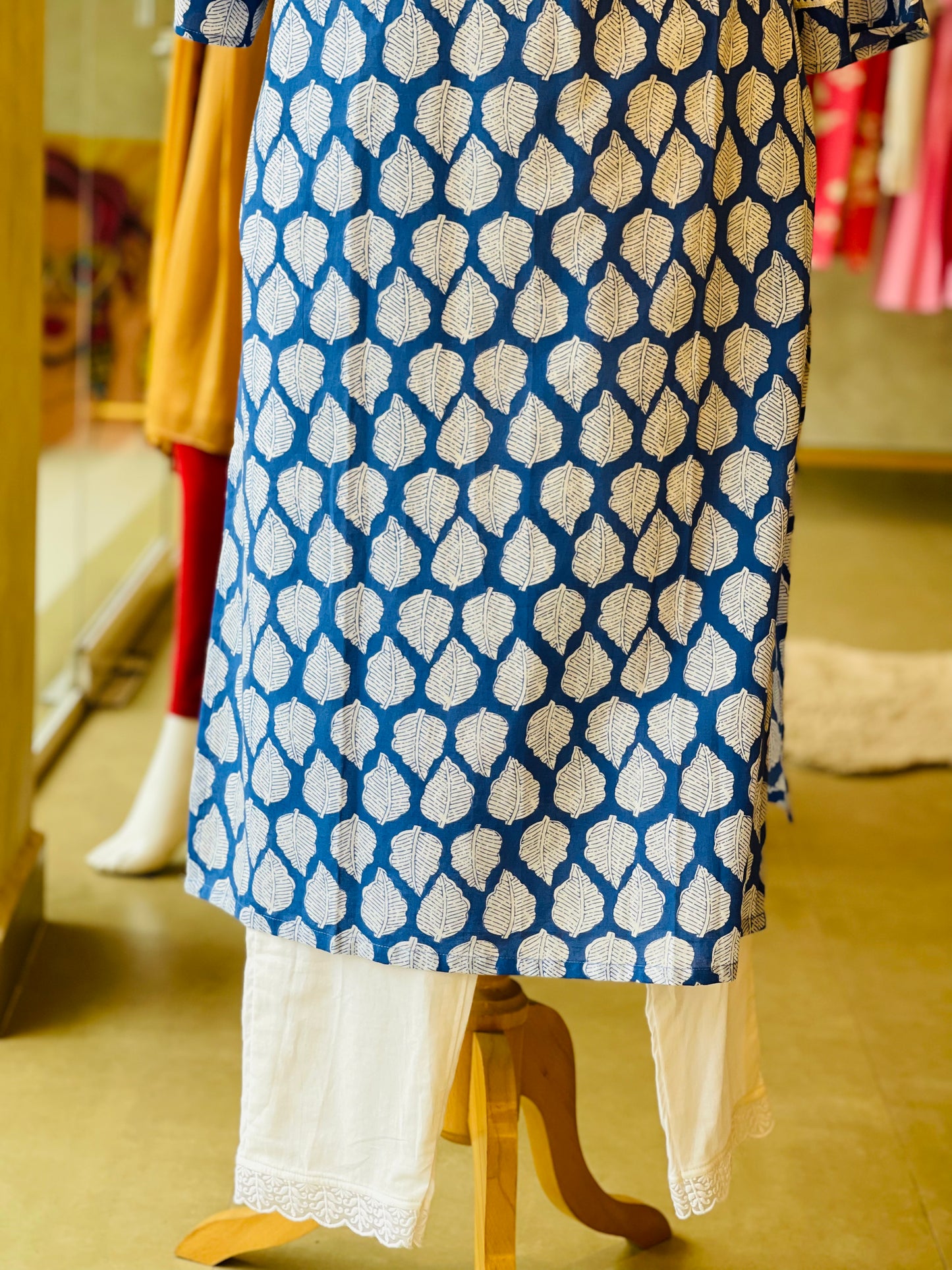 Blue white lice co-ord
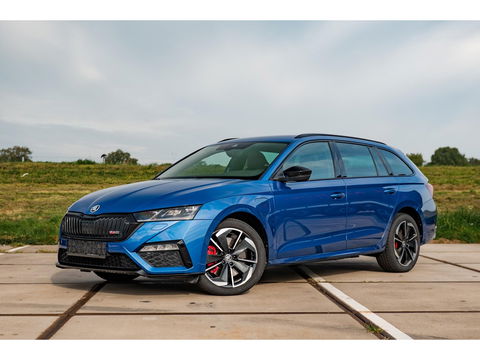 Škoda Octavia Combi 1.4 TSI RS iV PHEV | ALCANTARA SPORT COMFORT STOELEN | TREKHAAK | STANDKACHEL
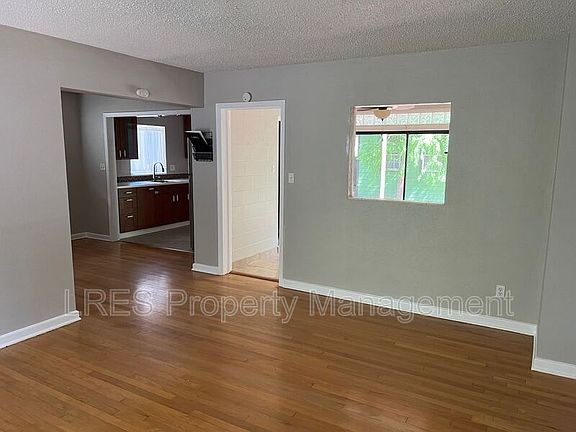 4th image of 625 Bryn Mawr St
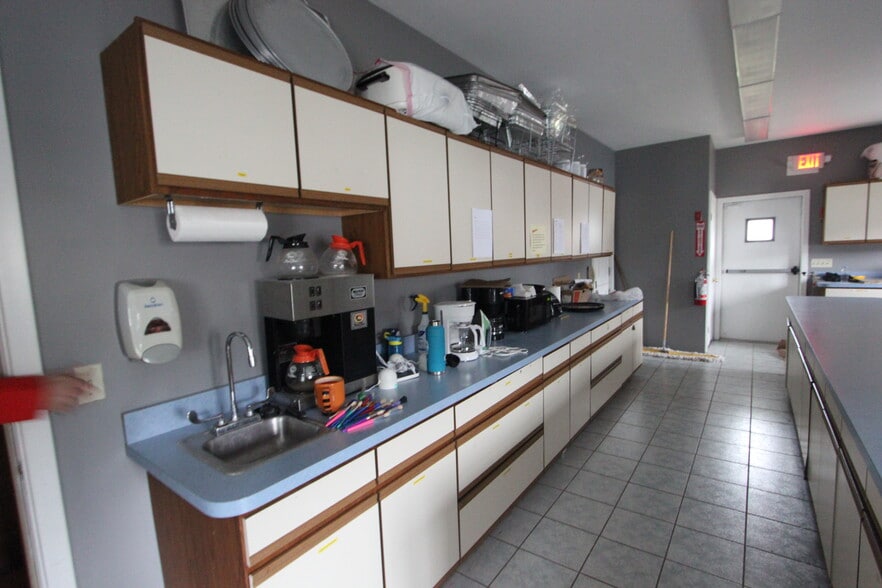 More Photos Of 8 Court St, Uxbridge Loft Creative Space For Lease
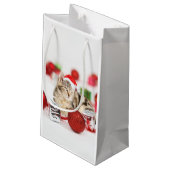 赤いサンタ帽子のクリスマスオーナメントを着た猫 スモールペーパーバッグ (裏面アングル)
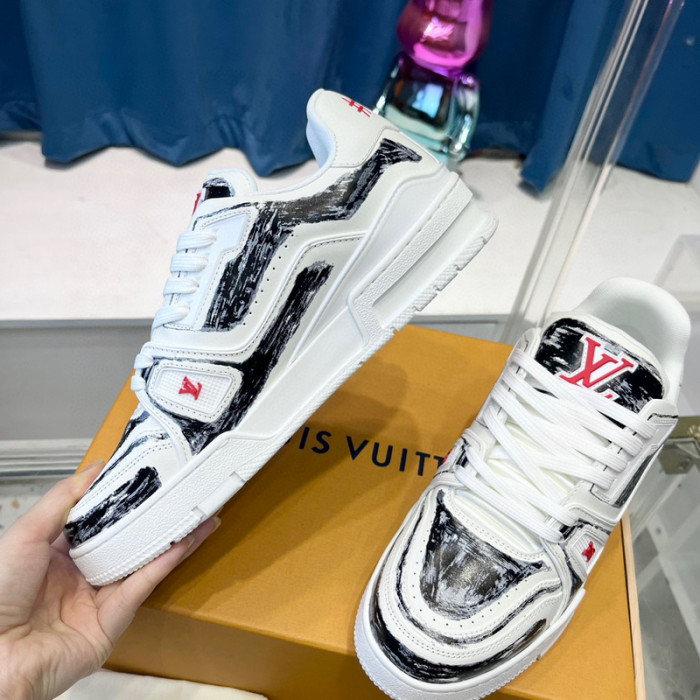 LV SNEAKER LV-000409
◇ ◇ ◇ ◇
### EXERCISE DIRECTIONS
Repeat word for word only the lines from the line holding "赤いサンタ帽子のクリスマスオーナメントを着た猫 スモールペーパーバッグ (裏面アングル)" to the final line of the material, both included. Don't carry over any picture.

### EXERCISE OUTPUT
 赤いサンタ帽子のクリスマスオーナメントを着た猫 スモールペーパーバッグ (裏面アングル)
 LV SNEAKER LV-000409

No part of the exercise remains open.